The idea of setting up a Garden of Eden, an earthly paradise that mocks the winter scene outside, is an age old dream which became possible in 19th-century England with the invention of iron and glass buildings heated by coal stoves.

For the very wealthy the fashion spread throughout Europe and the U.S.

For such a greenhouse, the construction, purchase of plants, upkeep and heating are very expensive.

A winter garden, like a big house with an art collection, became one of the recognized signs of high social standing.

At Planting Fields the main greenhouse was commissioned by W. R. Coe, who was born in England and came to the U.S. as a teenager.

He made his fortune in marine insurance.

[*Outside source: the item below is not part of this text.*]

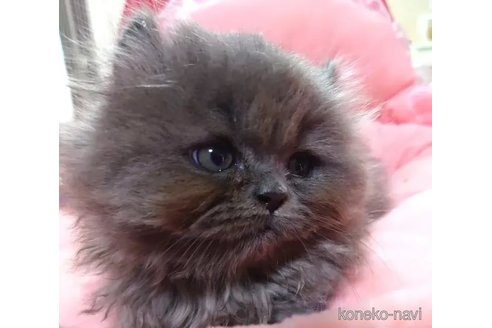 成約済の愛知県のミヌエット-94930の4枚目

His wife, Mai Rogers Coe, was the daughter of Henry Huttleston Rogers, one of the founders of Standard Oil.

Growing under the palm trees are two a small cocoa trees, from the beans of which chocolate is made.

It is difficult to pollinate cocoa flowers in a green house, but in the last year they have been successfully pollinated and there are now cocoa beans at Planting Fields.

There are ferns, begonias, orchids and cactuses to be seen.

The exotic vanilla vine is another plant which is very difficult to pollinate under glass but is successfully pollinated here in the main greenhouse.

Small animals to be seen here are the small eastern gray tree frog, which changes color to adapt to gray or green backgrounds, and Italian wall lizards.

The two-story Hibiscus House was one of the last great private winter gardens to be built before the financial crash of 1929.

In 1949, Coe sold Planting Fields for $1 to the State of New York, and it is now a state park, partly supported by Planting Fields Foundation

Tropical vegetation, banana trees, palms, guava, cocoa and orange trees, orchids, begonias and dozens of other “indoor” plants will be on view.